Pelo Tribunal do Trabalho da Figueira da Foz instaurou AA contra a Associação Naval 1º de Maio, acção de processo comum, solicitando que fosse declarada a ilicitude do despedimento do autor levada a efeito pela ré e a condenação desta a pagar-lhe € 6.232,91, a título de indemnização por esse despedimento, € 3.800, a título de férias não gozadas, € 10.000, a título de prémio de «subida» de divisão, € 10.000, a título de indemnização por danos não patrimoniais, além de juros.

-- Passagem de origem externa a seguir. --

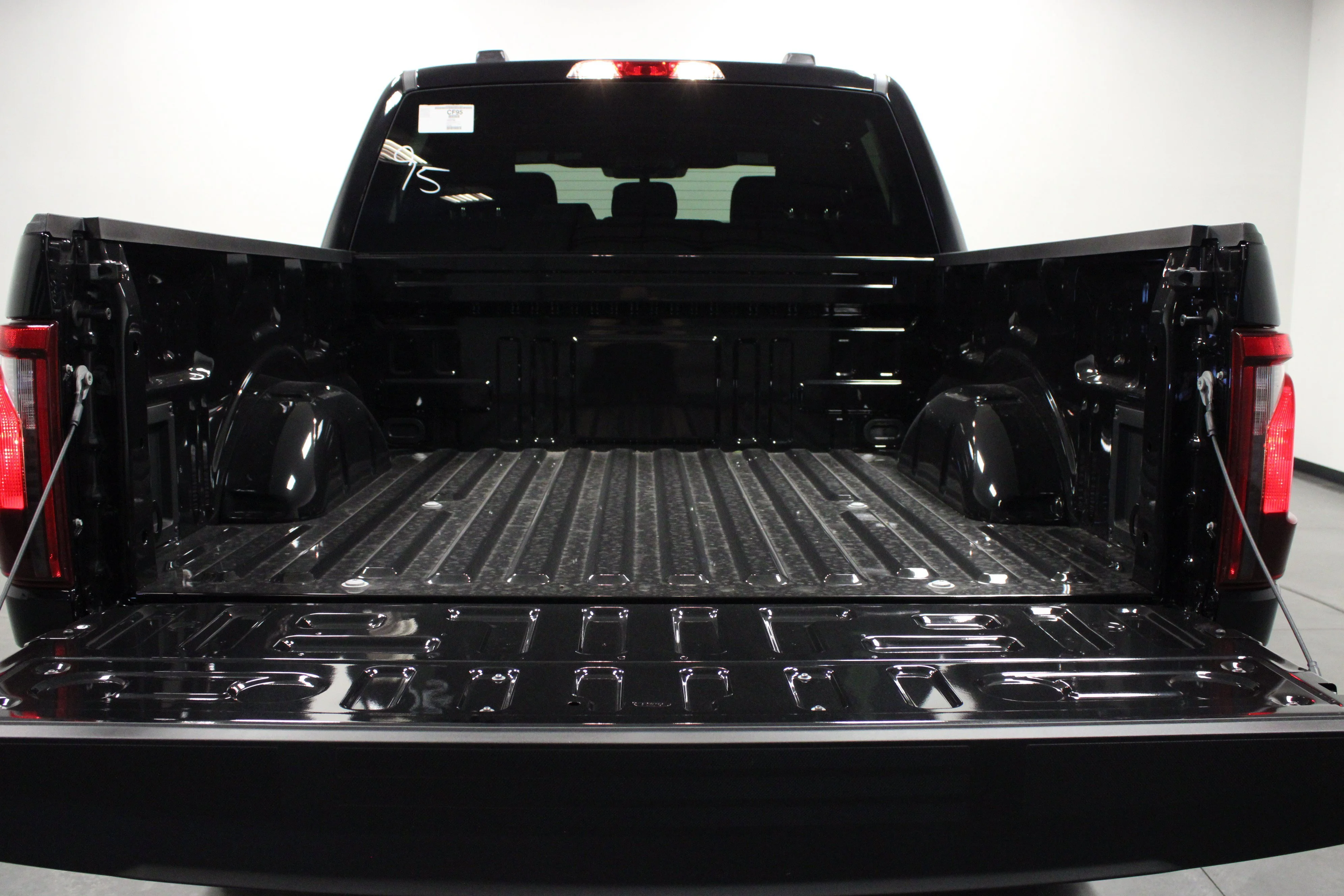 New 2026 Agate Black Metallic Ford STX image 14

Para tanto, invocou, em síntese, que: - - o autor, em 23 de Agosto de 2004, foi contratado pela ré - que é uma colectividade desportiva que disputa o campeonato nacional de futebol da Liga de Honra - para, sob autoridade e direcção desta, prestar a actividade de futebolista mediante a retribuição líquida de € 34.200, paga em nove prestações, com início em 1 de Setembro de 2004 e termo em 31 de Maio de 2005, a que acresciam € 300 mensais, a título de comparticipação na renda de casa, tendo ainda direito a € 10.000 caso a ré, durante a vigência do contrato, «subisse» à Super Liga; - na sequência de um incidente durante um treino com um colega de equipa, a ré instaurou ao autor um processo disciplinar, suspendendo-o do exercício de funções, processo esse que culminou com a decisão de despedimento com invocação de justa causa; - porém, não só os factos invocados na «nota de culpa» não correspondem à verdade, como ainda a decisão de despedimento carece de fundamentação, pois que se limita a invocar que houve, de parte do autor, grave violação dos deveres do trabalhador, além de a sanção aplicada se não coadunar com a prática disciplinar da ré em casos similares; - a ré não pagou ao autor a totalidade da retribuição relativa ao mês de Abril de 2005, porquanto somente lhe pagou € 1,967,09; - tem ainda o autor direito às retribuições que deveria ter auferido até final do contrato, no montante de € 6.232,91, o quantitativo correspondente a férias não gozadas, de € 3.800, e a quantia de € 10.000, como prémio de «subida» da ré à Super Liga; - o autor, em consequência da suspensão de funções e do despedimento de que foi alvo, viu-se impossibilitado de treinar desde 5 de Maio de 2005, perdendo a boa forma física que detinha, ficando impossibilitado de jogar e ficando confrontado com o anátema do despedimento, o que o impediu de outorgar contrato de trabalho com outro clube compatível com as suas qualidades, para além de ter ficado impedido de celebrar com outros colegas, equipa técnica e direcção, o momento da «subida» de divisão, razão pela qual sofreu danos não patrimoniais que computa em € 10.000.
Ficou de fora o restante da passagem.